Task to complete :: Leaving out every picture, output the records below exactly as they are.

Task material: Begin

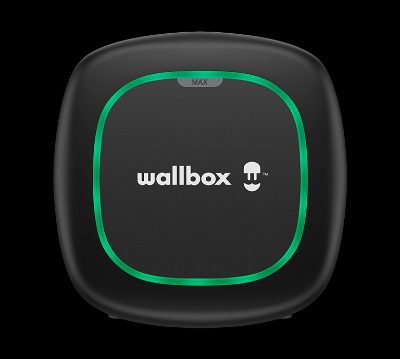 Wallbox Electric Vehicle charge, Pulsar Max, 11 kW, Wi-Fi, Bluetooth, 5 m, Black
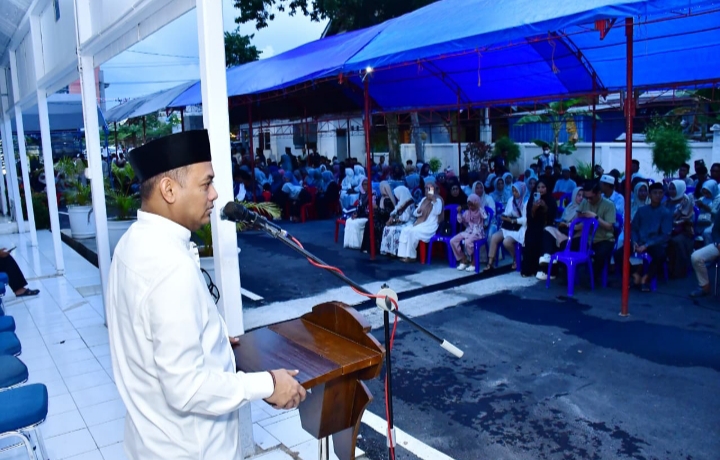 Ribuan Warga Padati Rujab! Wawali Kota Palopo Gelar Bukber dan Tudang Sipulung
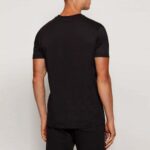 KARL LAGERFELD MEN'S T-SHIRT CREWNECK BLACK - Image 2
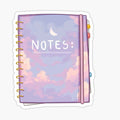 Pink notebook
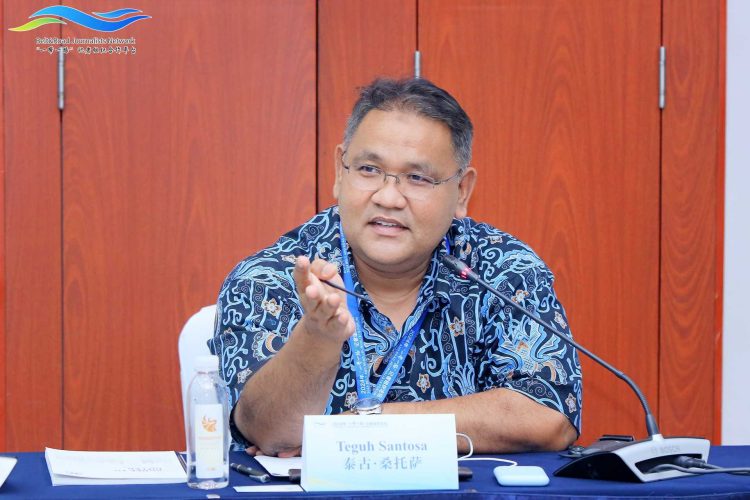 Ketua Umum JMSI, Teguh Santosa.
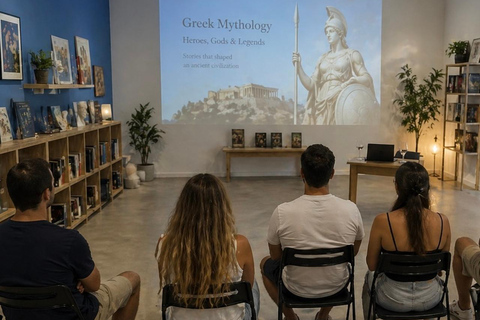 Thessaloniki: Greek Mythology and History Class with Wine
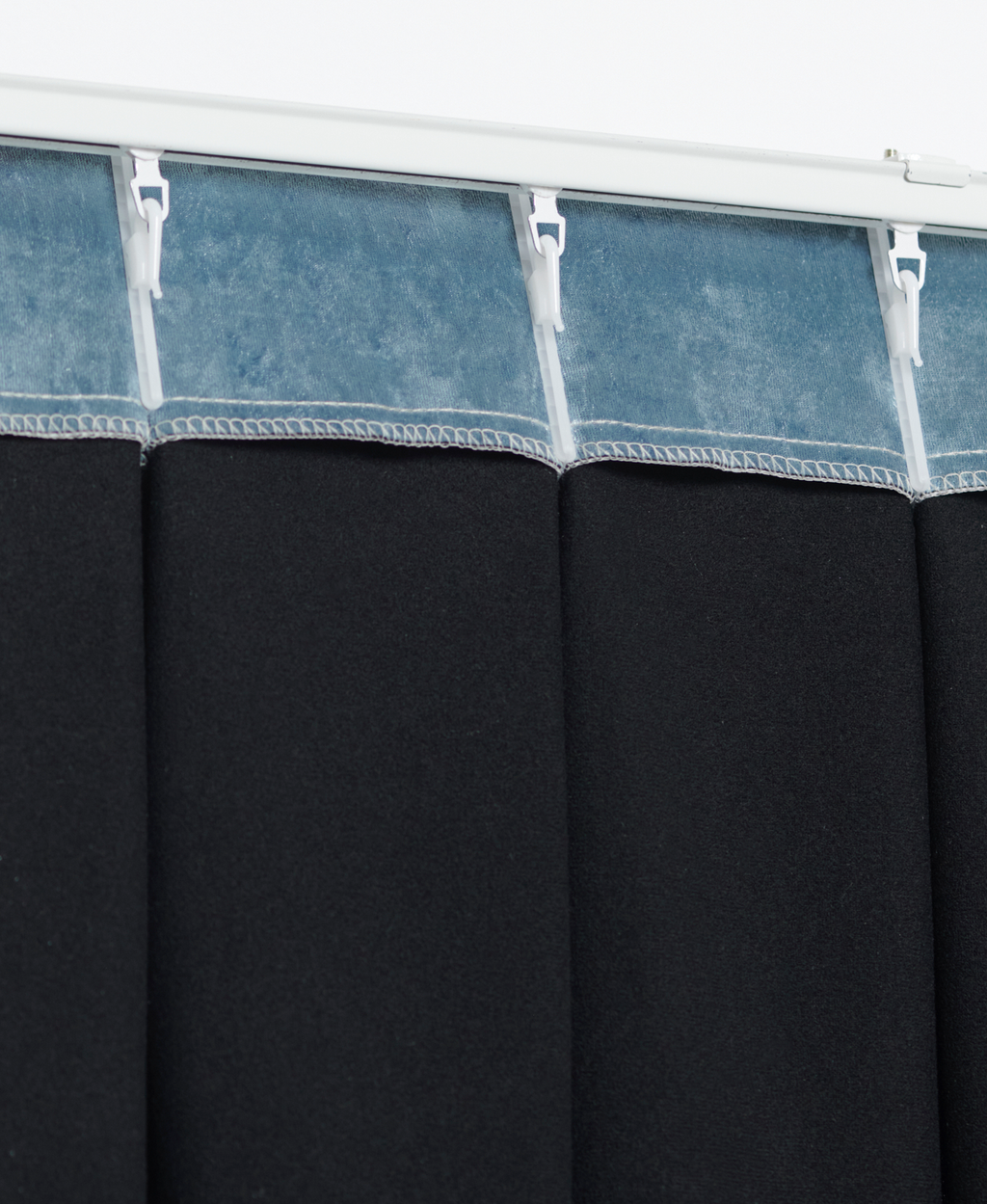 Shiny Velvet Blauw/Groen 25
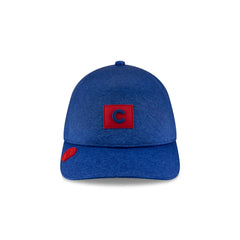 Chicago Cubs 2026 Clubhouse Shadow Tech 39THIRTY INFINITY Stretch Fit Hat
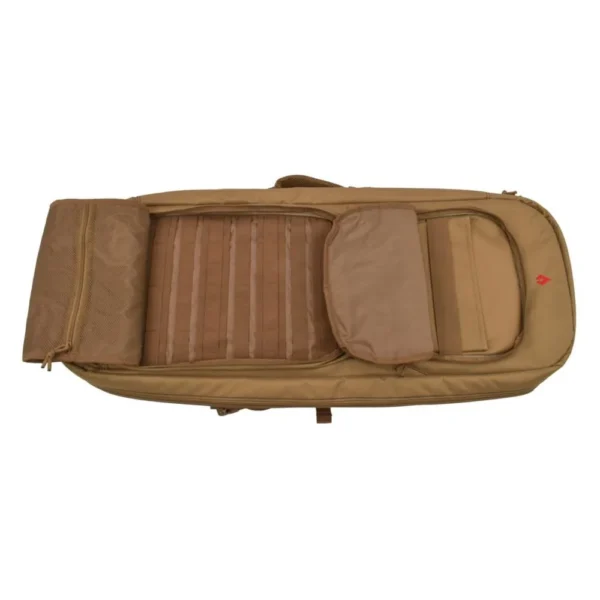 Advance Warrior Solutions LLC Advance Warrior Solutions Frame 36" Rifle Case Tan with Backpack Straps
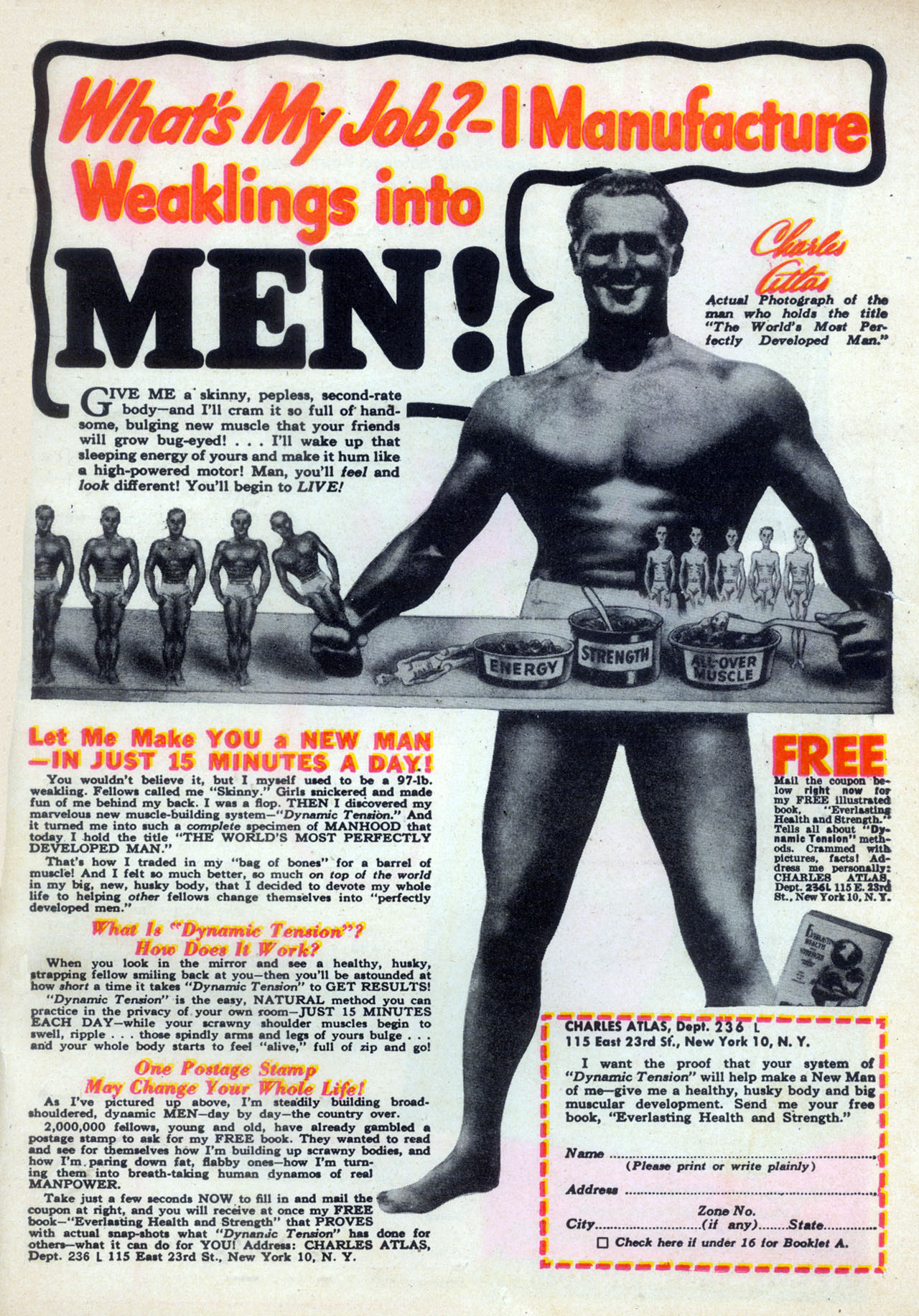 Read online Fight Comics comic -  Issue #47 - 51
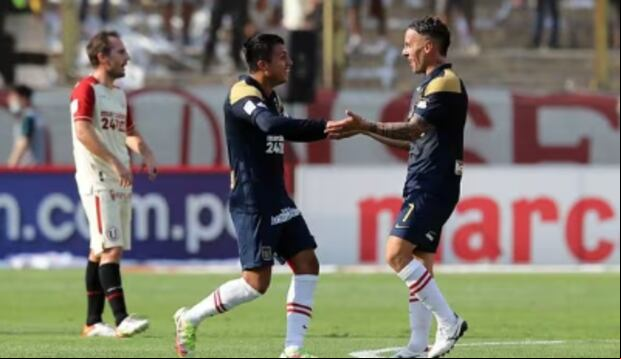 Jairo Concha y Pablo Lavandeira brillaron en el primer clásico del 2022. (Foto: Agencias)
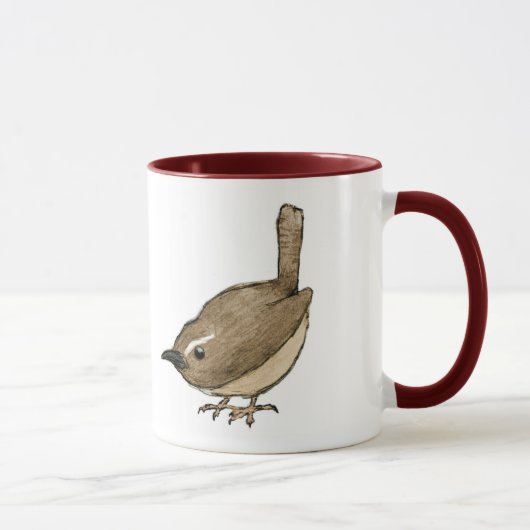 Tasse du Troglodyte de Caroline (Droite)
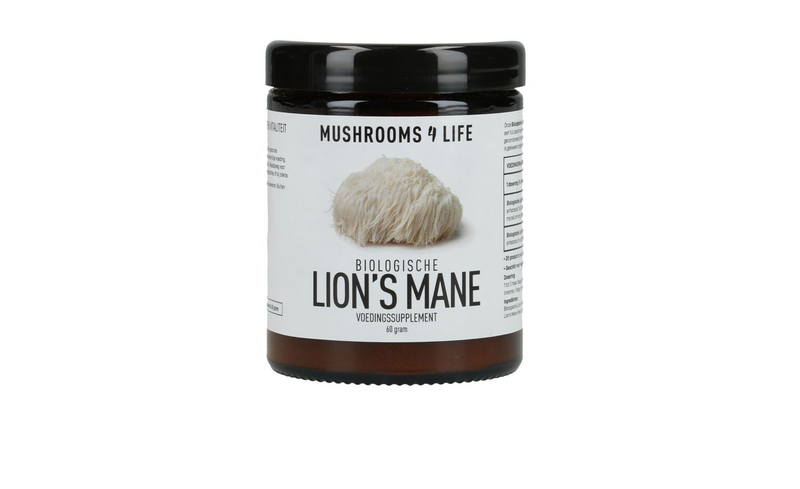 Mushroom4life Lion's Mane - Amsterdam Truffles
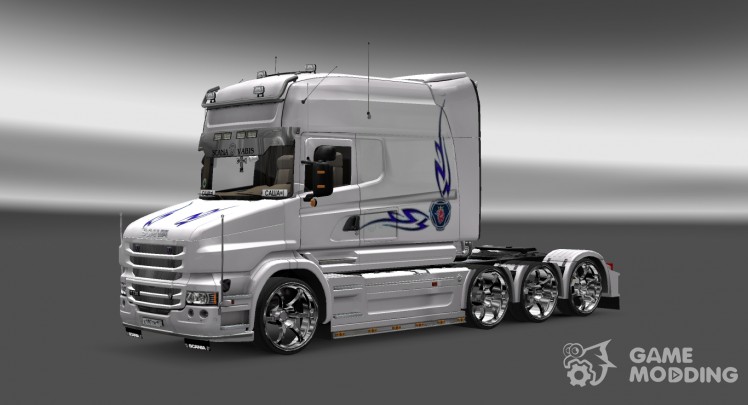 T Scania Longline Skin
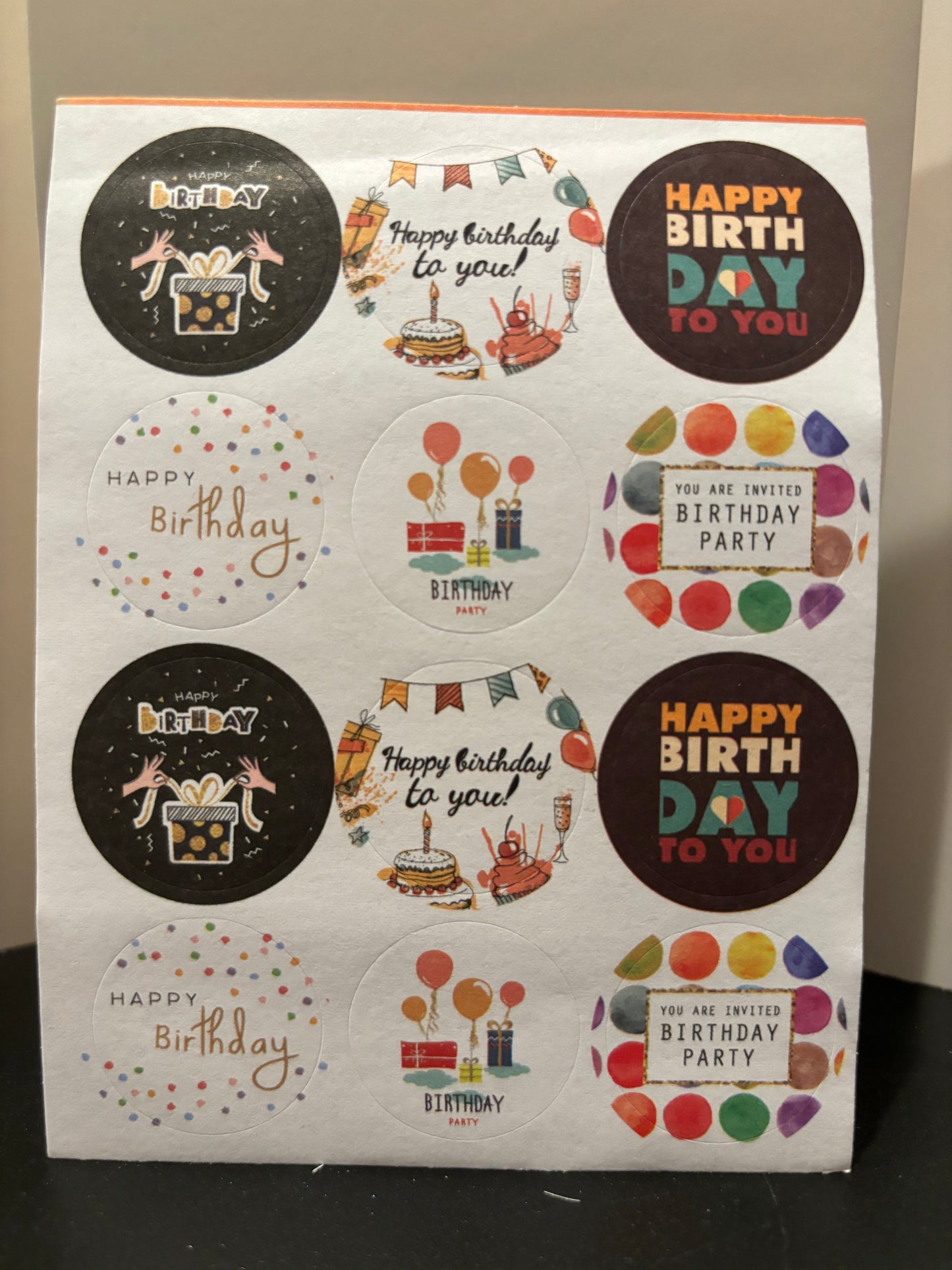 Birthday Cards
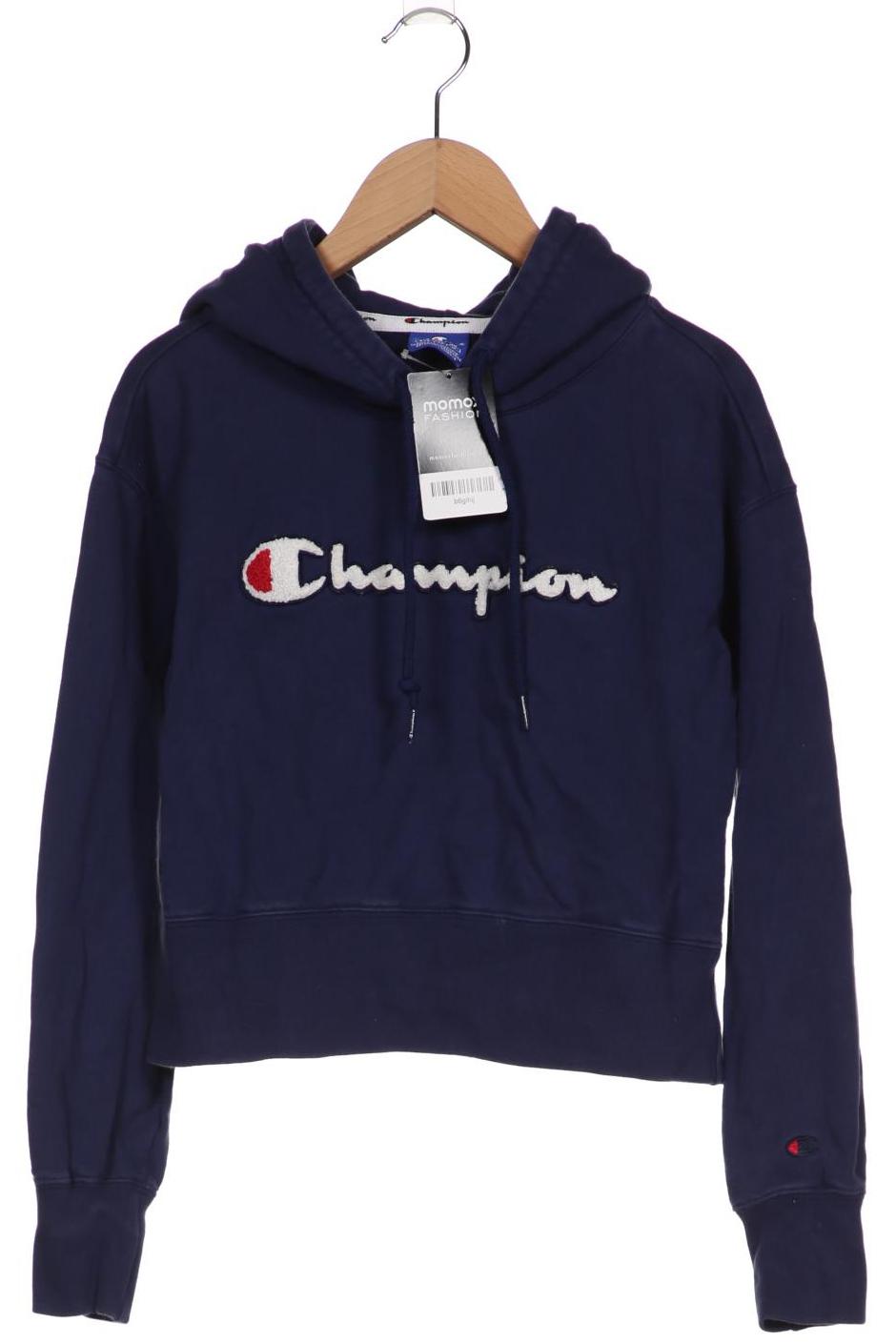 

Champion Damen Kapuzenpullover, marineblau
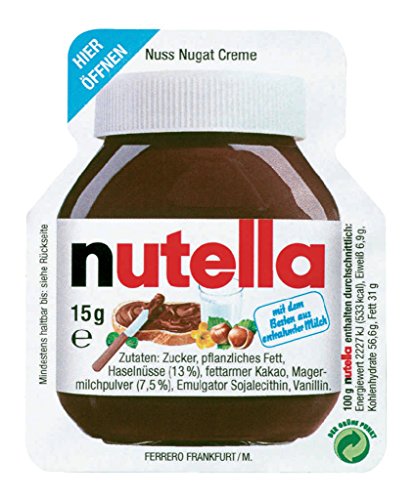 Nutella Chocolate Hazelnut Spread Portions - 120x15g - Image 3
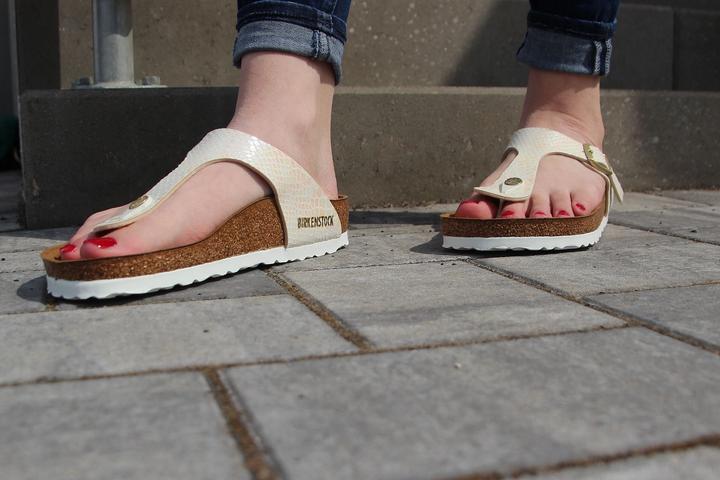 Actual product image Birkenstock Gizeh Kids Birko-Flor Narrow (32)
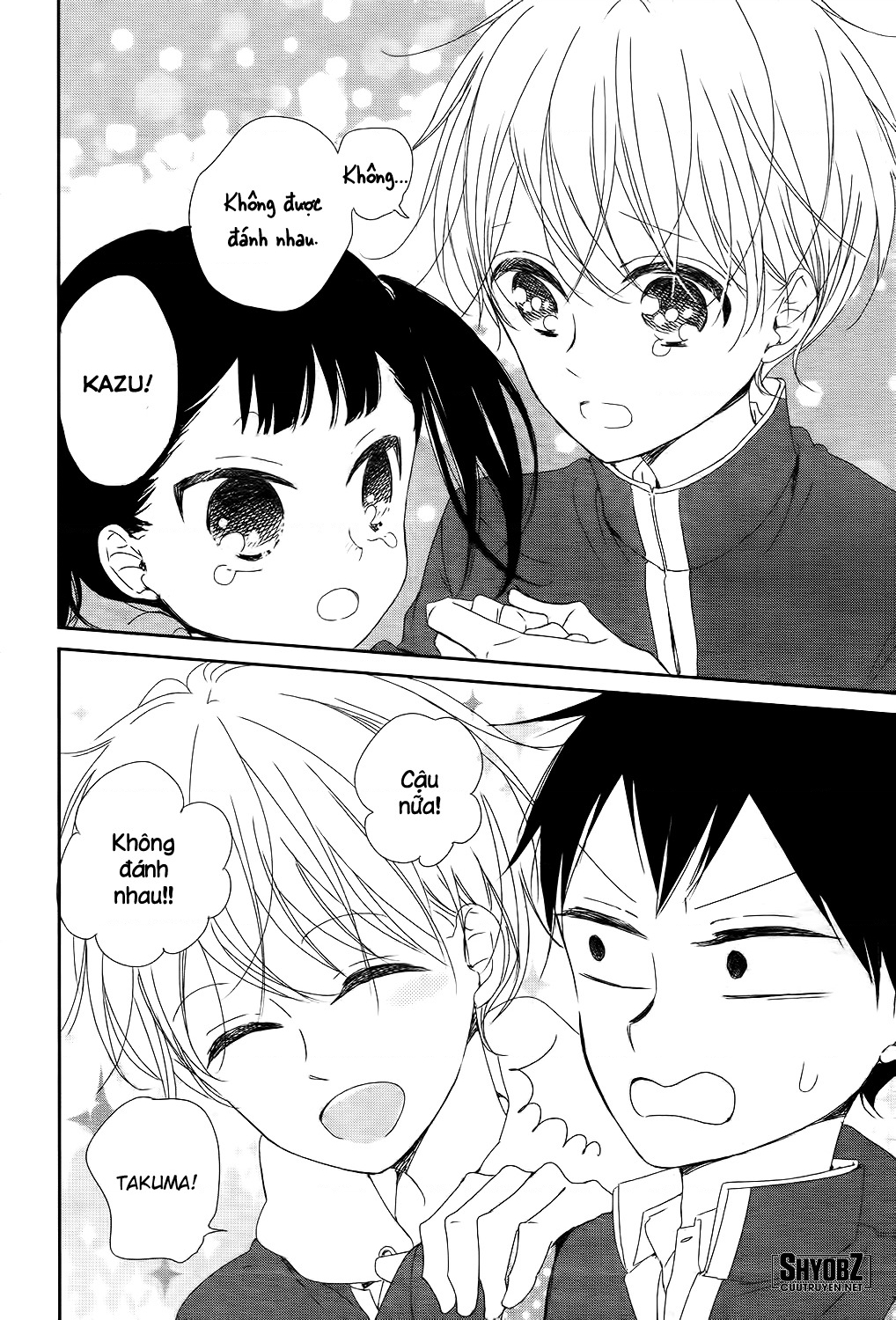 Anh Chàng Bảo Mẫu Chapter 84 - Trang 2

Task material: End

Task response ::
 Wallbox Electric Vehicle charge, Pulsar Max, 11 kW, Wi-Fi, Bluetooth, 5 m, Black
 Ribuan Warga Padati Rujab! Wawali Kota Palopo Gelar Bukber dan Tudang Sipulung
 KARL LAGERFELD MEN'S T-SHIRT CREWNECK BLACK - Image 2
 Pink notebook
 Ketua Umum JMSI, Teguh Santosa.
 Thessaloniki: Greek Mythology and History Class with Wine
 Shiny Velvet Blauw/Groen 25
 Chicago Cubs 2026 Clubhouse Shadow Tech 39THIRTY INFINITY Stretch Fit Hat
 Advance Warrior Solutions LLC Advance Warrior Solutions Frame 36" Rifle Case Tan with Backpack Straps
 Read online Fight Comics comic -  Issue #47 - 51
 Jairo Concha y Pablo Lavandeira brillaron en el primer clásico del 2022. (Foto: Agencias)
 Tasse du Troglodyte de Caroline (Droite)
 Mushroom4life Lion's Mane - Amsterdam Truffles
 T Scania Longline Skin
 Birthday Cards

Champion Damen Kapuzenpullover, marineblau
 Nutella Chocolate Hazelnut Spread Portions - 120x15g - Image 3
 Actual product image Birkenstock Gizeh Kids Birko-Flor Narrow (32)
 Anh Chàng Bảo Mẫu Chapter 84 - Trang 2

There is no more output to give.